Start of Exercise input

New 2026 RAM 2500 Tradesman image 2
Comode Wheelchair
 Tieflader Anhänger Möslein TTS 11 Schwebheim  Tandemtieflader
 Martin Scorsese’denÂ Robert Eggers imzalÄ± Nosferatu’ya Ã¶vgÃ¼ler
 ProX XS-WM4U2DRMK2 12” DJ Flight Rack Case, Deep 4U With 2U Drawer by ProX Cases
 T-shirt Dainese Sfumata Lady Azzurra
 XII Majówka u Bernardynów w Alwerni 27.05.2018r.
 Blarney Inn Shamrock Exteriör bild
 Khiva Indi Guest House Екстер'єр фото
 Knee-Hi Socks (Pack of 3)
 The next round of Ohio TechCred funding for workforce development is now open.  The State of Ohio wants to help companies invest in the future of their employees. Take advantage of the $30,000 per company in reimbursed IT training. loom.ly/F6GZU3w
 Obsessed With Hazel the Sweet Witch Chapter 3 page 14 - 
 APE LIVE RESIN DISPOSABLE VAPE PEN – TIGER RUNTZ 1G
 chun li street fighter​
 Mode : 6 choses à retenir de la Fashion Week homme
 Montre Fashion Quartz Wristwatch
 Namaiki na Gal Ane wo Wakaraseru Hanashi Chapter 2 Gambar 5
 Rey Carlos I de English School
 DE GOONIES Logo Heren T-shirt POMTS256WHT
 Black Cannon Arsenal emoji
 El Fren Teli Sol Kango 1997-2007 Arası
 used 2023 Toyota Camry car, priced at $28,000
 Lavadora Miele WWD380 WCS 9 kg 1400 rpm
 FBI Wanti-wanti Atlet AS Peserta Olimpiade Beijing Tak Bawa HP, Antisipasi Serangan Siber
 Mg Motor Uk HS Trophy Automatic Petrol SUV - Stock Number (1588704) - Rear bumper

End of Exercise input

▶ _Description of the task_
Reproduce each entry above exactly, keeping every word.

▶ _Output below_
New 2026 RAM 2500 Tradesman image 2
Comode Wheelchair
 Tieflader Anhänger Möslein TTS 11 Schwebheim  Tandemtieflader
 Martin Scorsese’denÂ Robert Eggers imzalÄ± Nosferatu’ya Ã¶vgÃ¼ler
 ProX XS-WM4U2DRMK2 12” DJ Flight Rack Case, Deep 4U With 2U Drawer by ProX Cases
 T-shirt Dainese Sfumata Lady Azzurra
 XII Majówka u Bernardynów w Alwerni 27.05.2018r.
 Blarney Inn Shamrock Exteriör bild
 Khiva Indi Guest House Екстер'єр фото
 Knee-Hi Socks (Pack of 3)
 The next round of Ohio TechCred funding for workforce development is now open.  The State of Ohio wants to help companies invest in the future of their employees. Take advantage of the $30,000 per company in reimbursed IT training. loom.ly/F6GZU3w
 Obsessed With Hazel the Sweet Witch Chapter 3 page 14 - 
 APE LIVE RESIN DISPOSABLE VAPE PEN – TIGER RUNTZ 1G
 chun li street fighter​
 Mode : 6 choses à retenir de la Fashion Week homme
 Montre Fashion Quartz Wristwatch
 Namaiki na Gal Ane wo Wakaraseru Hanashi Chapter 2 Gambar 5
 Rey Carlos I de English School
 DE GOONIES Logo Heren T-shirt POMTS256WHT
 Black Cannon Arsenal emoji
 El Fren Teli Sol Kango 1997-2007 Arası
 used 2023 Toyota Camry car, priced at $28,000
 Lavadora Miele WWD380 WCS 9 kg 1400 rpm
 FBI Wanti-wanti Atlet AS Peserta Olimpiade Beijing Tak Bawa HP, Antisipasi Serangan Siber
 Mg Motor Uk HS Trophy Automatic Petrol SUV - Stock Number (1588704) - Rear bumper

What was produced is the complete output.